Charles Spence is Professor of Experimental Psychology and head of the Cross-Modal Research Laboratory at Oxford University. His coauthor is a sensory researcher in the same lab.
In this far-ranging work the authors consider issues such as what the ideal number of items on a restaurant menu might be, sensitive to the danger that too many choices can distract the diner and lessen the experience. They consider food as theater, the influence of cutlery versus eating with one’s hands, and a restaurant’s atmosphere—its lighting, music, decor, and olfactory ambience. Along the way we learn of the Gourmand Syndrome, in which brain-damaged individuals develop a sudden fascination with fine food.
The Perfect Meal is rich in examples of celebrated chefs and specific restaurants around the world along with web addresses and other resources. It’s a foodie’s dream. Want to know if you are among the 25% of the population who are “supertasters?” “You can go online and order yourself some tasting strips.”

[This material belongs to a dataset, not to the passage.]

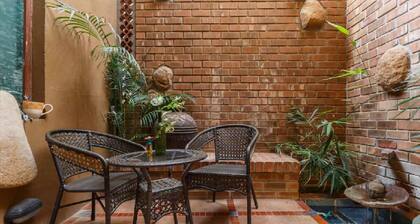 Relax in centrally located quiet terrace floor ensuite room in trendy eco-villa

Color turns out to strongly influence how we perceive flavor. Purple grapes don’t look quite right when served on a blue plate, and color-contrast illusions operate at many levels. It may be that the term “blue plate special” became popular during the 1930s Depression because cooks found that diners were sated with smaller portions of food when it was served on a blue plate. Shape affects gustatory judgments, too. An angular plate, for example, emphasizes the sharpness of a dish. The weight of a bowl matters, too. The more heft in your hand the more satiated you’ll feel no matter how much you eat.

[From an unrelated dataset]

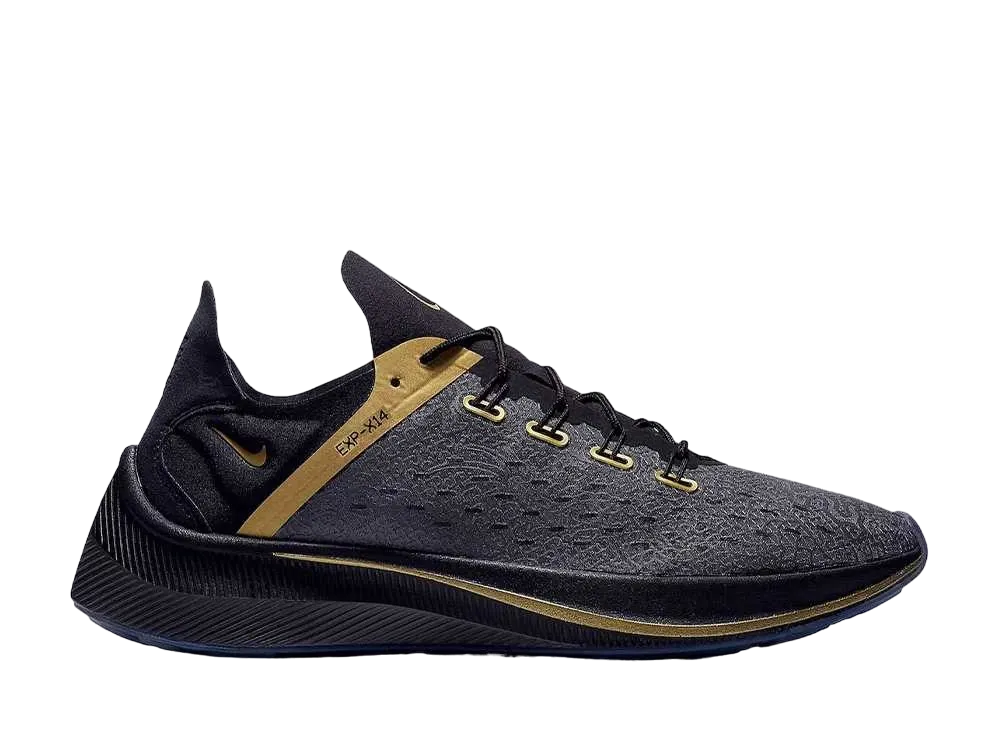 CR7 × ナイキ EXP-X14 クリスティアーノ ロナウド "ブラック"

Labeling influences how much we snarf down. People consume twice as many candies labeled “fruit chews” than those called “candy chews.” A drink tastes better when subjects are told that it costs a lot. Extensive studies show that people can’t detect any difference between organic and conventionally grown vegetables despite the fact that 30% of consumers tested thought that organic vegetables would taste better. Expectations and beliefs shade our perception of taste even when foods are served blind in black glassware. Humans are certainly a complicated lot.
This raises the interesting point of how different food tastes to the 6% of the population who are colorblind. Men with red-green color blindness can’t tell the difference between a rare steak and one that’s well done. They illustrate just how impossible it is to distinguish between flavors when visual cues are absent. This may be why despite the strange popularity of dining-in-the-dark restaurants, patrons only go once and never repeat the experience at home.
Taste happens in our head, not in our mouth, and the art of the table today is as robust as it was in the 18th century or during the time of Louis XIV when chefs outdid one another with extravagant visual presentations. Food modulates brain activity more than anything else: A cup of coffee or a good meal vigorously alters our levels of neurotransmitters.
What we commonly call taste is actually a much larger umbrella term called flavor, which combines gustatory, olfactory, temperature, and texture discriminations. New research shows that flavor is one of the most multisensory experiences that we have. Each of the diner’s senses — vision, taste, smell, sound, and touch—contribute to the overall experience. Even the sound of a food—the crunch and crackle in the physical resistance it gives our jaw—contributes to its savoriness.
Humans did without forks for millennia. Yet when they became popular in the 19th century enormous social status was attached to them, and to spoons. So much so that to be born with “a silver spoon” in one’s mouth became a mark of good breeding.